Rest and relaxation are keys to having good health, I guess it doesn’t always apply to the NBA.
Players such as LeBron James and Kyrie Irving have been under scrutiny for sitting out of marquee games with no injury, whereas the normality is to play whenever you’re healthy. The Cleveland Cavaliers have rested James on six occasions this season in which the Cavaliers have lost each game, most notably on March 4 and 18th. James in response to criticism for resting said, “We’re competing for championships, not just for one game”. Many NBA aficionados and retired players have voiced their opinions on the practice. Here we’ll evaluate whether benching players is more harmful or helpful to NBA teams that choose to let their stars rest.

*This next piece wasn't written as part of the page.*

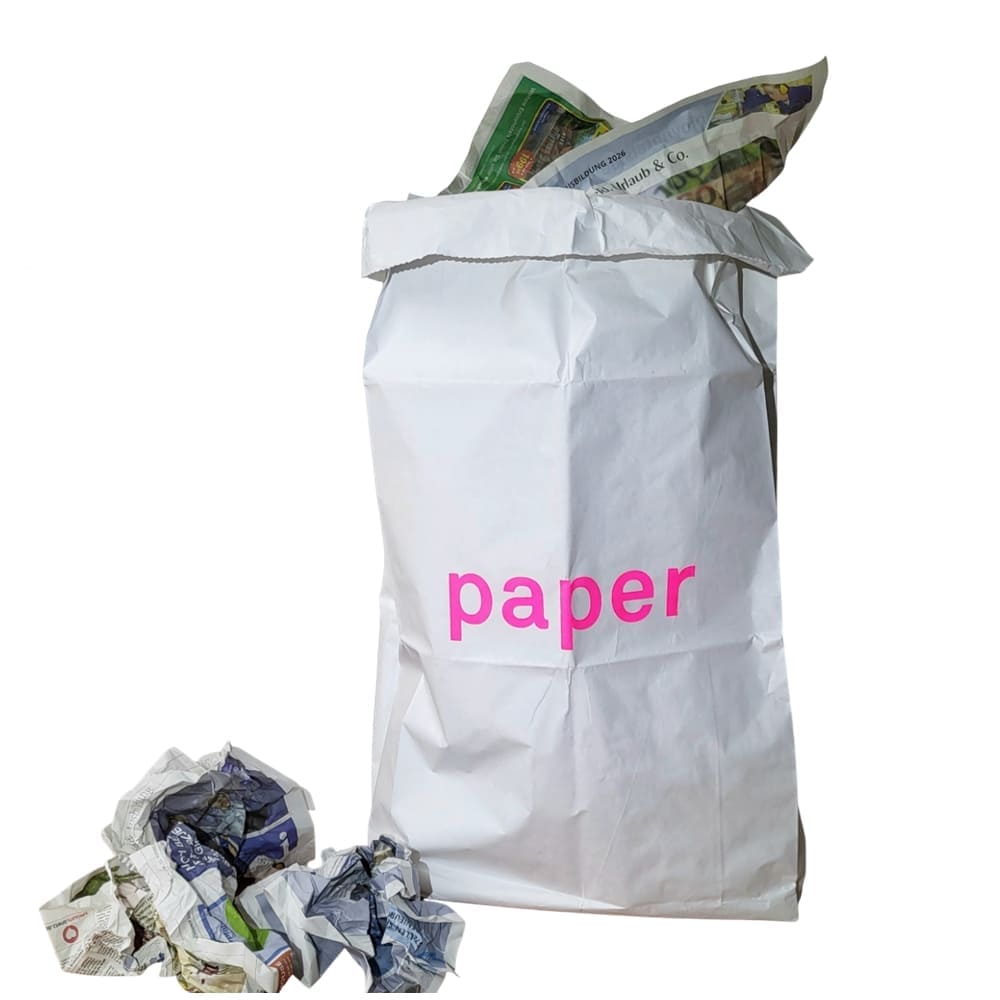 kolor Papiersack "PAPER"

The most primary issue I can agree with is the perceived disrespect towards the fans. Fans pay for tickets, fans bring energy and fans finance salaries. When fans come to see the Cavaliers, San Antonio Spurs, and the Warriors play, they want to see their star players, they want to see the main attractions. Without the fans, the sports landscape would not be where it is today. There would be no packed arenas, and emphatically no sports. I agree with NBA veterans in their presumptions that we would not see celebrated athletes such as Kobe Bryant or Michael Jordan sitting out of games if they were not injured.
James is compared to Michael Jordan at every possible angle when the opportunity presents itself. But to be honest, the NBA has changed in more ways off the court than how the ball moves on the court. The NBA is generating more revenue than ever before based upon ticket sale and broadcasting contracts, which has rocketed monetary inflation into franchises. Players are being paid more now than ever, but aren’t being docked game checks when coaches order them to sit out a game. The projected amount of player DNP-rest’s (did not play/rest) by the end of the season is 307, an increase from the 145 DNP’s from last season.

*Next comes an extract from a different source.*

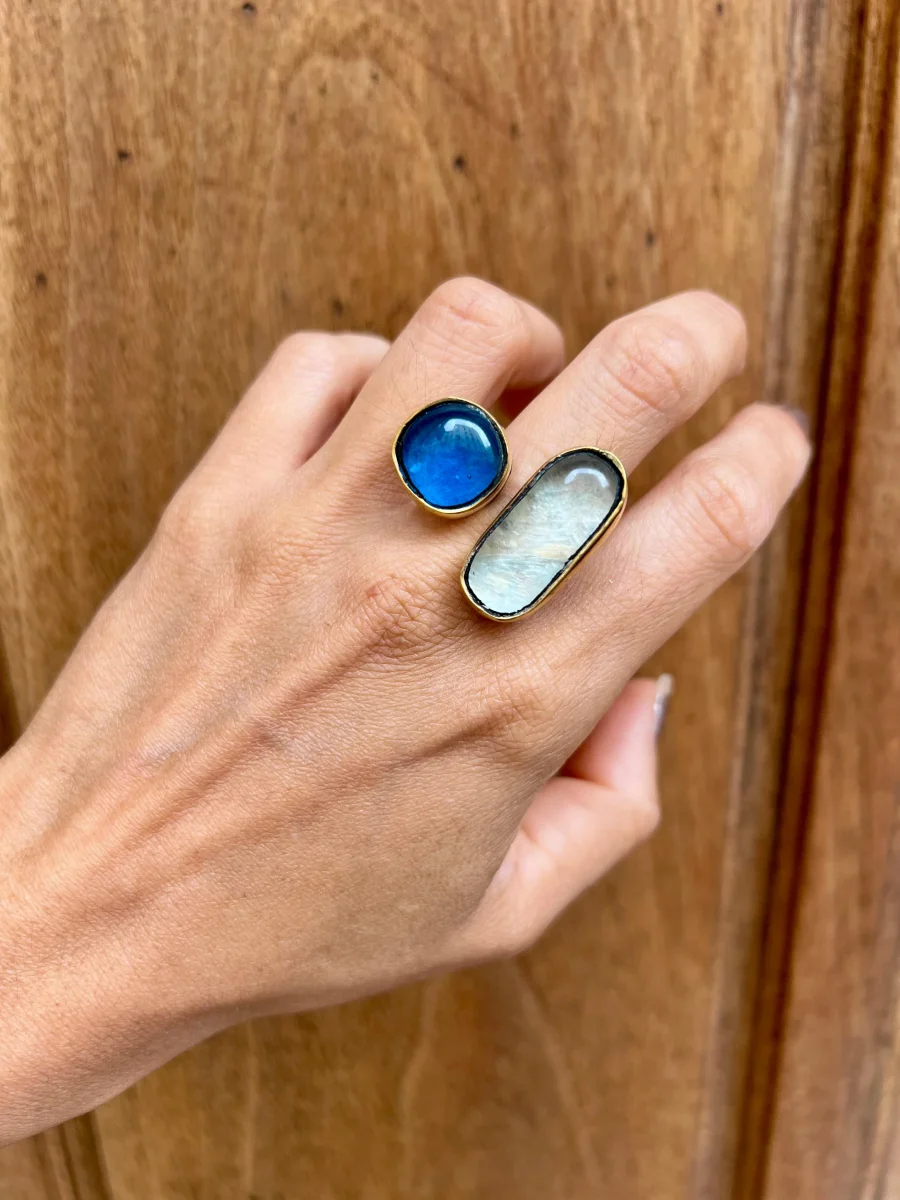 Anillo Zafir - Imagen 2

The NBA schedule is a grueling 82-game marathon in which players are often due rest. The Warriors sat Steph Curry, Klay Thompson, Draymond Green and Andre Iguodala for their game at the San Antonio Spurs in which they lost 107-85. In turn, the Warriors weren’t heavily criticized for sitting their stars in the same fashion as the Cavaliers. Yes, they were in the middle of back to back games in which they had to travel from Minnesota to San Antonio, but that was not the headline. The headline was Iguodala’s racial comments prior to the game. So is there a hypocrisy looming? Coach Gregg Popovich has often been labeled as a genius for resting his stars. But the excuse was that the Spurs are “old” concerning Tim Duncan, Manu Ginobili and Tony Parker. To their credit, Duncan has recently retired with Parker and Ginobili on their way towards retirement. To the contrary, currently Popovich still rests Kahwi Leonard and Lamarcus Aldridge for games at a time, without scrutiny.
Personally, I am not anti-rest for players, but I do not agree with choose highly televised games to sit the best players. The NBA season is vastly different from the NFL season in terms of scheduling. The NFL is a 2-mile run compared to the NBA in schedule length. I do not believe the NBA season should be shortened. The integrity of the game would be compromised and would be unfair to veterans who have played the 82 game schedule in the past. I agree with James’ statement and he is right. The ultimate goal of a season to win the championship. However, what message is James sending to those that look up to him? That it’s okay to take a few days off when looking towards the bigger picture? With sports being the largest promoter of “no days off”, this is hurting the NBA and the message they’re looking to send.